MySQL String Comparison with Wildcards - mysql

I wrote a query where a user can input a string and get the data related to that string back from the database.
For example, a user will input Apple even though the full name is Apple Inc.
The code would be laid out as so...
and Description like '%Apple%'
The problem with this is, it will return Snapple along with Apple.
Aside from removing the first "%" wildcard and making the user type more, how can I limit the results to just Apple?

Use a regular expression:
WHERE Description RLIKE '[[:<:]]apple[[:>:]]'
[[:<:]] matches the beginning of a word, [[:>:]] matches the end of a word.
See the documentation for all the regexp operators supported by MySQL

Firstly - string comparison with wild cards (especially leading wild cards) doesn't really scale using "like". You might want to look at full-text searching instead. This basically gives you "google-like" text searching capabilities.
To answer your question, in most cases, "Apple" is a better match than "Snapple" for the term "apple". So, you could include the concept of "match quality" in the search - something like:
select *, 10 as MatchQuality
from table
where description like 'Apple'
union
select *, 5 as MatchQuality
from table
where description like 'Apple%'
union
select *, 1 as MatchQuality
from table
where description like '%Apple%'

Related

Make MySQL LIKE Return Full Word matches Only

I dont want rows to be returned where the LIKE is matching a partial word.
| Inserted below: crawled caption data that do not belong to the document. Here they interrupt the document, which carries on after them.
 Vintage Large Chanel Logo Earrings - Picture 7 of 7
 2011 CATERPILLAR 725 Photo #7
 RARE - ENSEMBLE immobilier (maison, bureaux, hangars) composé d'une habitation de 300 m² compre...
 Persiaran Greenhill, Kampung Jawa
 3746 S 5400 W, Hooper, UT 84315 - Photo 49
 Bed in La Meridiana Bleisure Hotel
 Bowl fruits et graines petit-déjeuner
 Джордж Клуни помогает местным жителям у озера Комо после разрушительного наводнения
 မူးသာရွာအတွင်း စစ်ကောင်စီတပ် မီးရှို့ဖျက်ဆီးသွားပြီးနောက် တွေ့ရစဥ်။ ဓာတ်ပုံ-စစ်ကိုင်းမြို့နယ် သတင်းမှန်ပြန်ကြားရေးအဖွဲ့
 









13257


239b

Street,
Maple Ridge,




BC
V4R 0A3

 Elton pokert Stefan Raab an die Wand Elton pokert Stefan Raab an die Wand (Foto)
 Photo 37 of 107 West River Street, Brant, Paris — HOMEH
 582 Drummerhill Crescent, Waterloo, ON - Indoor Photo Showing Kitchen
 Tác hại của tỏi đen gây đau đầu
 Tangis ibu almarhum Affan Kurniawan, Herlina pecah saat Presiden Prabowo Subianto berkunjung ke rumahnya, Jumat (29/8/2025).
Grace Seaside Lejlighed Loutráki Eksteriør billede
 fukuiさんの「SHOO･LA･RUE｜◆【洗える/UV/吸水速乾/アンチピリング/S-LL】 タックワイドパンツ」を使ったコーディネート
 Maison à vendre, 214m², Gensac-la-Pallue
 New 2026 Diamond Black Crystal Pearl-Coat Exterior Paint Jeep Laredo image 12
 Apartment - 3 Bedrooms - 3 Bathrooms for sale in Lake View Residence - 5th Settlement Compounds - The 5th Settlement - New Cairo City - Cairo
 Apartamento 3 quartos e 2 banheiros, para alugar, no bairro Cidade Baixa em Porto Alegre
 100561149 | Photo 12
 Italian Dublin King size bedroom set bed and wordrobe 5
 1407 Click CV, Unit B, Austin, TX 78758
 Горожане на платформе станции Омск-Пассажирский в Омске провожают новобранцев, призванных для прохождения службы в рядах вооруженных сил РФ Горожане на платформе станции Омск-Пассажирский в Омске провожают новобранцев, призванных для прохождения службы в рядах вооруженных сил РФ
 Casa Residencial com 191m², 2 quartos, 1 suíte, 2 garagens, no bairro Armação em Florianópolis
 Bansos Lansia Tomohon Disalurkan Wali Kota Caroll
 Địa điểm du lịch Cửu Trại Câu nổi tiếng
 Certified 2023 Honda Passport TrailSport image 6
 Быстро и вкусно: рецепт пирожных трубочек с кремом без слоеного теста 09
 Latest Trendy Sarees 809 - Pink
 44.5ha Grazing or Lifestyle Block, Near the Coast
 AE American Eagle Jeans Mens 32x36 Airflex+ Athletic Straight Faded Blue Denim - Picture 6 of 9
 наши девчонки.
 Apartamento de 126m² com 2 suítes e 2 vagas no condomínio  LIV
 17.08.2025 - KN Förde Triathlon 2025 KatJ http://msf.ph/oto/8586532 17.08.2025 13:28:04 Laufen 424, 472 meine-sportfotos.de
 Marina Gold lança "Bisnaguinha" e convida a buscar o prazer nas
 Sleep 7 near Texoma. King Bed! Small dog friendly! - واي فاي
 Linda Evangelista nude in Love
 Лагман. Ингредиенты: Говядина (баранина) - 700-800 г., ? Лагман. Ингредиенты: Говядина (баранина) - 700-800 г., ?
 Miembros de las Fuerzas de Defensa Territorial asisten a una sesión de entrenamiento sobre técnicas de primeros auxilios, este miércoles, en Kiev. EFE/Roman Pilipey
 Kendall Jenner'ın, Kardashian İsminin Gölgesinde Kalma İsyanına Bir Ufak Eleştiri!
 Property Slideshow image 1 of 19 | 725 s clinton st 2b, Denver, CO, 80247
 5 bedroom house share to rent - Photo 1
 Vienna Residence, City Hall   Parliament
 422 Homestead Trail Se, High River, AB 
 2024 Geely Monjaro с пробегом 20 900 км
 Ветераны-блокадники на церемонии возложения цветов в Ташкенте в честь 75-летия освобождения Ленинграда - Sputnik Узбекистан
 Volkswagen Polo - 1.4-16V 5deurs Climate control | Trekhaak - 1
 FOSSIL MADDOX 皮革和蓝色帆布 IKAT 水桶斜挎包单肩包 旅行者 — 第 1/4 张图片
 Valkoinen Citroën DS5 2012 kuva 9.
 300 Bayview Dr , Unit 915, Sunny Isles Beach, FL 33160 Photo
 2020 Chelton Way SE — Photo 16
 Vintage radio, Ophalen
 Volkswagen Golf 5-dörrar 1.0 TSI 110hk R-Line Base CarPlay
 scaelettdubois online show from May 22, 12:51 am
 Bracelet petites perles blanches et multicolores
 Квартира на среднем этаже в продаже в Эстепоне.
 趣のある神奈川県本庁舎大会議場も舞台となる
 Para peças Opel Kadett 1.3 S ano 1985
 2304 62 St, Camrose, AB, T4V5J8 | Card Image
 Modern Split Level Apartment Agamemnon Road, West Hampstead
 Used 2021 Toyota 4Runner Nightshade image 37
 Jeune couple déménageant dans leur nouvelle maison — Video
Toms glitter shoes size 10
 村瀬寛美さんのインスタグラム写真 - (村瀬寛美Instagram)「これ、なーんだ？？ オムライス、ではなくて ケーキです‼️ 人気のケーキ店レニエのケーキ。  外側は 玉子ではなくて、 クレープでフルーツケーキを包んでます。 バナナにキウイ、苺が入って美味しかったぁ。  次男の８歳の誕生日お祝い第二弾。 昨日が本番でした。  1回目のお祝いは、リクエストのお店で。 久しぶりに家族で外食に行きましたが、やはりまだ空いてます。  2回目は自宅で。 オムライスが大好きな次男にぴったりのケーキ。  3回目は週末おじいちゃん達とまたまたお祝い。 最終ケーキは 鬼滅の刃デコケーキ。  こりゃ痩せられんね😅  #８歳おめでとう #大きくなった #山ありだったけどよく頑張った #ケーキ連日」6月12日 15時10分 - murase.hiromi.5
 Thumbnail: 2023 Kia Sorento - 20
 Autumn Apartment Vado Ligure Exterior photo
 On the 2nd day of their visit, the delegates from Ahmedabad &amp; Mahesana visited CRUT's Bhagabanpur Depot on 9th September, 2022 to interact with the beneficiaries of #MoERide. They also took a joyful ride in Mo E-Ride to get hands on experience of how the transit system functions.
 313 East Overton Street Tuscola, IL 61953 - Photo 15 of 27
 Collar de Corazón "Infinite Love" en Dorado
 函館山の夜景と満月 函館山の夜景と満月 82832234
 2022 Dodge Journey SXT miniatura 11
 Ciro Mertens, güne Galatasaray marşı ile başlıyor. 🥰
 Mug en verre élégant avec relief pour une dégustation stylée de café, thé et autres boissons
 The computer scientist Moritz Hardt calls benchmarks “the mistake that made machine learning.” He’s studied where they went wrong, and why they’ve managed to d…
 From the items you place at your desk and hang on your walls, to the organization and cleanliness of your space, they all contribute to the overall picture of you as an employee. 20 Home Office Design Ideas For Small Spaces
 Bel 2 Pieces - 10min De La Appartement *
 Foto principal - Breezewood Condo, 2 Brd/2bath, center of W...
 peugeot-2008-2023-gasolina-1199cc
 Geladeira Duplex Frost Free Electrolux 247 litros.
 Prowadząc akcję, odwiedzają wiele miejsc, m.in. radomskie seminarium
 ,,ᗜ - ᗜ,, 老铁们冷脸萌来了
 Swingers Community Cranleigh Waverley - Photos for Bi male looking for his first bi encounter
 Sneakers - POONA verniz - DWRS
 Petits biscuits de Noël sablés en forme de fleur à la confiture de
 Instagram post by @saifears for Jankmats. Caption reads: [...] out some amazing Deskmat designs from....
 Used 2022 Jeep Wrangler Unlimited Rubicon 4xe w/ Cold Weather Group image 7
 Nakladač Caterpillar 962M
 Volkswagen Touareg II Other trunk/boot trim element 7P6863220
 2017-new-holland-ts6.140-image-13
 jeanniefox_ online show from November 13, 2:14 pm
I am splitting strings on whitespace and then generating a query that will find a match, but its returning matches for partial words. Here is an example
SELECT ID from VideoGames WHERE Title Like "%GI%" AND Title Like "%JOE%"
Returns a match where title = "Yu-Gi-Oh! Power of Chaos: Joey the Passion".
I know only matching full words wont completely resolve the issue, but it will hugely increase accuracy. What can i do to return what i want rather than this.
You can use RLIKE, the regular expression version of LIKE to get more flexibility with your matching.
SELECT ID from VideoGames
WHERE Title RLIKE "[[:<:]]GI[[:>:]]" AND Title RLIKE "[[:<:]]JOE[[:>:]]"
The [[:<:]] and [[:>:]] markers are word boundaries marking the start and and of a word respectively. You could build a single regex rather than the AND but I have made this match your original question.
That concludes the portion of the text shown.